The above story takes place around November 1939. Now to perhaps punch a hole in this tale, Hemingway had already sold the rights to Howard Hughes for $10,000, and Hawks apparently had intentions of turning the book into the second picture (after The Outlaw) he'd direct for Hughes when he went down to Key West. But then Hawks and Hughes had a falling out after The Outlaw.

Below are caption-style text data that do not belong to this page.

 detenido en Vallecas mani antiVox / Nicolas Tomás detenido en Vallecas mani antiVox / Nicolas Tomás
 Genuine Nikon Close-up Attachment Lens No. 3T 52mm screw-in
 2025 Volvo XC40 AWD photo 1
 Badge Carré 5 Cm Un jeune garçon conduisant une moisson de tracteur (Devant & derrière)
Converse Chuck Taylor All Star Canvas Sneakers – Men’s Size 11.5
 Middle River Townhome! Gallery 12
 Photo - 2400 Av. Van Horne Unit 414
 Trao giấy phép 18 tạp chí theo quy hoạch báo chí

Jump to early 1943. Hawks still really wanted to tackle To Have and Have Not, and bought the rights from Hughes, who, with glee, demanded an outrageous $92,500. You know Hawks really wanted the rights to the book because not only was he currently weighed down with massive gambling debts, but about the same time Hawks was fined by the IRS for unpaid taxes amounting to just about the same as he paid for the rights. Hawks then flipped the rights to Warner Bros. (Jack Warner refused to give him a penny more than what Hawks had paid for it, but Hawks negotiated for a percentage of the future film's profits, as well as his director fees). Hawks had two projects in development ahead of To Have and Have Not, but they both fell through and then Warners decided to green light it in late 1943 and by this time Humphrey Bogart was already assigned to star in it.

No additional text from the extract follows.